Murray Pearce did exactly that, running between Barwon Heads and Myrtleford in Victoria’s northeast all for charity.
Murray raised just over $21,000 for SCIA Spinal Cord Injuries Australia and Beyond Blue through a gruelling nine-day journey that saw him chased by bulls and attacked by a dog.
Murray slept two nights in a hammock with only a survival blanket for warmth.
“The bag itself was warm but I had no insulation underneath my back and because I was hanging my back was very cold, also the bag didn’t breathe so the condensation made my body wet and cold,” he said.
“There wasn’t a second I thought I wouldn’t make it. It’s funny, I considered what would happen if I slipped and got seriously injured like breaking a bone.
“I had already made up my mind that if that happened I would finish on crutches or whatever was necessary to finish what I’d started.”
Murray initially planned to complete the trek in 10 days, but adrenaline pushed him to cross the finish line a day early.
“I listened to a lot of music, but I found some motivational speeches that I listened to on repeat that almost became a mantra,” he said.
“I felt so independent, empowered and virtually unstoppable. Being by myself with such a large goal was one of the best feelings I’ve experienced.”
One of the final stretches of the trip – Mansfield to Cheshunt – was particularly tough going and on day six, Murray ran after virtually no sleep at all.
“The day started with a gradual 15km climb to about 900m to the top of Tolmie,” Murray said.
“Once there I then had a very steep descent down a slippery 4×4 track to King River. My legs were tired at this point and it was very hard not to slip and get injured.
“On day six I started to get shin splints in my left leg and this made my ankle pretty swollen. I had to mask that pain and push on to finish. I used my knowledge to strap my ankles and support them as best I could.

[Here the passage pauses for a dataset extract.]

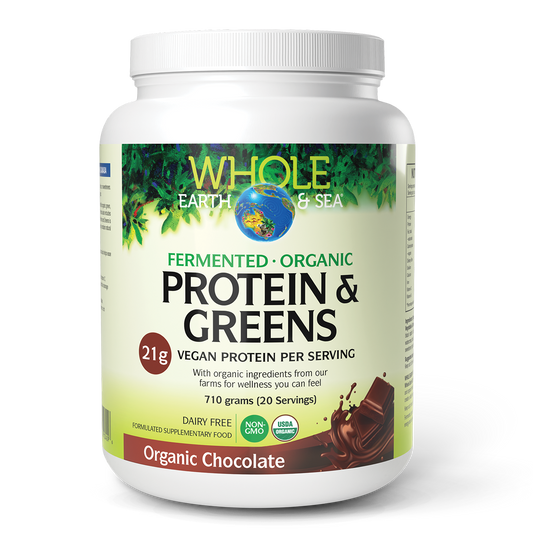Fermented, Organic Protein & Greens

“Carrying 14kg also started to affect my hips on the steeper inclines.”
Despite the physical punishment, Murray said the entire experience was worth it.
“It sounds over confident but I knew I would finish the minute I started,” he said.
“Not finishing wasn’t an option I was willing to accept. When I was within kilometres of finishing though, I felt ecstatic.
“The feeling is hard to describe, but I guess I’m just super proud and so lucky to be able to do it. Finishing made me realise how capable we are as humans. I also feel like anything is possible now.”
Murray’s next adventure is slower paced, but no less daunting.
He heads to Katherine in the Northern Territory in the next few weeks to begin his teaching career.